BERTopic (R interface)

R wrapper around the excellent Python library BERTopic for transformer-based topic modeling without leaving R.
This package manages a separate Python environment, calls the Python API through reticulate, and gives you R-friendly helpers for fitting, transforming, exporting, visualizing, and saving/loading models.

Includes a tiny SMS spam demo dataset to get you started quickly.

Installation
Quick start
- Fit a model (demo data)
- Use your own data
Core workflow
Visualization
Model I/O
Reproducibility
Troubleshooting
API reference (R)
Citation & data

Installation

1) Install the R package

If you’re installing from source (e.g., GitHub):

# install.packages("remotes")
remotes::install_github("Feng-Ji-Lab/BERTopic")
library(BERTopic)

Our package relies on reticulate. You do not need a system-wide Python; we can set up an isolated one.

2) Install Python deps (auto-selects Conda or virtualenv)

library(reticulate)
library(BERTopic)
install_py_deps(envname = "r-bertopic", python_version = "3.10")

3) Bind the session (auto-selects the right route)

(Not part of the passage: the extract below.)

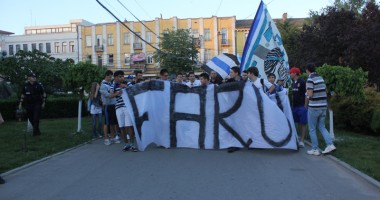 S-AU SĂTURAT! Suporterii cer plecarea lui GIANI NEDELCU de la FC FARUL - 5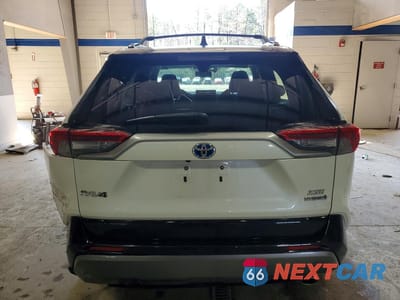 Zdjęcie 6 z 12 samochodu: 2019 TOYOTA RAV4 HYBRID XSE VIN:2T3EWRFV1KW022468 - miniatura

use_bertopic("r-bertopic")

Self check & session info

bertopic_available()          # TRUE if Python + bertopic importable
bertopic_session_info()       # versions & path
bertopic_self_check()  # runs a tiny round-trip fit/transform/save/load

Quick start

Fit a model (demo data)

We ship a small, cleaned subset of the UCI SMS Spam dataset:

library(BERTopic)

data(sms_spam)
head(sms_spam)

m <- bertopic_fit(sms_spam$text, calculate_probabilities = TRUE)
print(m)
summary(m)

topics_tbl <- bertopic_topics(m)
topics_tbl

Result:

> topics_tbl
# A tibble: 48 × 5
   Topic Count Name                          Representation Representative_Docs
   <dbl> <dbl> <chr>                         <list>         <list>
 1    -1   784 -1_to_you_the_in              <chr [10]>     <chr [3]>
 2     0   121 0_love_my_life_you            <chr [10]>     <chr [3]>
 3     1   101 1_chat_text_stop_sexy         <chr [10]>     <chr [3]>
 4     2    84 2_tone_ringtone_tones_week    <chr [10]>     <chr [3]>
 5     3    64 3_bus_pub_car_at              <chr [10]>     <chr [3]>
 6     4    62 4_missing_message_please_call <chr [10]>     <chr [3]>
 7     5    52 5_class_exam_school_lesson    <chr [10]>     <chr [3]>
 8     6    45 6_he_gal_ask_dude             <chr [10]>     <chr [3]>
 9     7    45 7_won_claim_draw_prize        <chr [10]>     <chr [3]>
10     8    43 8_later_sorry_call_ill        <chr [10]>     <chr [3]>

Use your own data

df <- read.csv("data/sms_spam.csv", stringsAsFactors = FALSE, encoding = "UTF-8")
docs <- as.character(df$text)

m2 <- bertopic_fit(docs, calculate_probabilities = TRUE)
pred <- predict(m2, c("I like BERTopic"), type = "both")
pred$topics
pred$probs

With precomputed embeddings (rows = docs), pass a numeric matrix:

emb <- matrix(rnorm(length(docs) * 384), length(docs), 384)
m_emb <- bertopic_fit(docs, embeddings = emb)

Core workflow

Get topic info & top terms

info <- bertopic_topics(m)
head(info)

# Top terms per topic (weights)
coef_df <- coef(m, top_n = 8)
subset(coef_df, topic %in% head(info$Topic, 3))

Transform new documents

new_docs <- c("please confirm the meeting", "win a free trip now!!!")
tr <- bertopic_transform(m, new_docs)
tr$topics
tr$probs

Export document–topic matrix

M <- bertopic_as_document_topic_matrix(m, sparse = TRUE, prefix = TRUE)
M[1:5, 1:10]

Requires calculate_probabilities = TRUE during fitting; otherwise returns NULL with a warning.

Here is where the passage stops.